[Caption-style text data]
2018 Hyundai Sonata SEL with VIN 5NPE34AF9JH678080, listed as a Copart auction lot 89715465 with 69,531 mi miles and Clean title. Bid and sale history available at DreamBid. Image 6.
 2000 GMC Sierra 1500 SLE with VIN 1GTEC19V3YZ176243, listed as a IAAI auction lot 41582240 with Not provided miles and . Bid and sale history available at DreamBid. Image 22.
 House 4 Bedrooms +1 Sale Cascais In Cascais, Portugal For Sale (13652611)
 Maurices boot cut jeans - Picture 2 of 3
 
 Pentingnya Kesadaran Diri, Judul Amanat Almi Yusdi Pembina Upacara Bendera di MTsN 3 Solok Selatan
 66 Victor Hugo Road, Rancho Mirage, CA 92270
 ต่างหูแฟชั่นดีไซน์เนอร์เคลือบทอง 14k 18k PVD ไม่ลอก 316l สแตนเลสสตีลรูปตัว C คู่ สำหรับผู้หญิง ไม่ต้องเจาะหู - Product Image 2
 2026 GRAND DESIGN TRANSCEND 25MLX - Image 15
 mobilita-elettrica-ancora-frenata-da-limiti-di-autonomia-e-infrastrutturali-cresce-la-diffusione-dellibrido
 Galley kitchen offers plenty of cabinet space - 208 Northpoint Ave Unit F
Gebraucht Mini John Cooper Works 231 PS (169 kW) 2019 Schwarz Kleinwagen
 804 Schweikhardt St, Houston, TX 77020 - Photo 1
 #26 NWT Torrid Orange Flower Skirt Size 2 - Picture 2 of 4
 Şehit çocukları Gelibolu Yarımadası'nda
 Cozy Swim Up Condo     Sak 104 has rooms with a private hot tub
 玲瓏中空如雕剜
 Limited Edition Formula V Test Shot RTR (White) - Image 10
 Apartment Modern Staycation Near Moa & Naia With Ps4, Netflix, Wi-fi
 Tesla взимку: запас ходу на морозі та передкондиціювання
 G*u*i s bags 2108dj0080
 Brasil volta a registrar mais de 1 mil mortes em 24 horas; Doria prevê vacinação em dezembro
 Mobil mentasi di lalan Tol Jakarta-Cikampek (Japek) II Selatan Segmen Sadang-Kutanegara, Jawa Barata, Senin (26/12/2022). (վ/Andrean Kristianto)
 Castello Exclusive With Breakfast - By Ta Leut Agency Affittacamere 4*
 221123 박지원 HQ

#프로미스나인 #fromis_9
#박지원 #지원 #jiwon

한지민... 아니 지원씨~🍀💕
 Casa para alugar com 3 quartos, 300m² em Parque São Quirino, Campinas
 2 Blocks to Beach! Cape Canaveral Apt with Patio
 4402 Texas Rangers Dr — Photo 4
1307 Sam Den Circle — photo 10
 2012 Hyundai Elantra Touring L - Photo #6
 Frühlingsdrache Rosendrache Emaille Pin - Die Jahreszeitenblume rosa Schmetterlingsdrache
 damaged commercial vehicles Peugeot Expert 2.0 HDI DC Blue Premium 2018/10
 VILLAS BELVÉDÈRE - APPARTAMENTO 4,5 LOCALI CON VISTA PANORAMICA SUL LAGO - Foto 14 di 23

WORK INSTRUCTIONS –
Whenever the string "DreamBid" turns up in a line of the data, copy that line.

RESULT OF THIS TASK –
2018 Hyundai Sonata SEL with VIN 5NPE34AF9JH678080, listed as a Copart auction lot 89715465 with 69,531 mi miles and Clean title. Bid and sale history available at DreamBid. Image 6.
 2000 GMC Sierra 1500 SLE with VIN 1GTEC19V3YZ176243, listed as a IAAI auction lot 41582240 with Not provided miles and . Bid and sale history available at DreamBid. Image 22.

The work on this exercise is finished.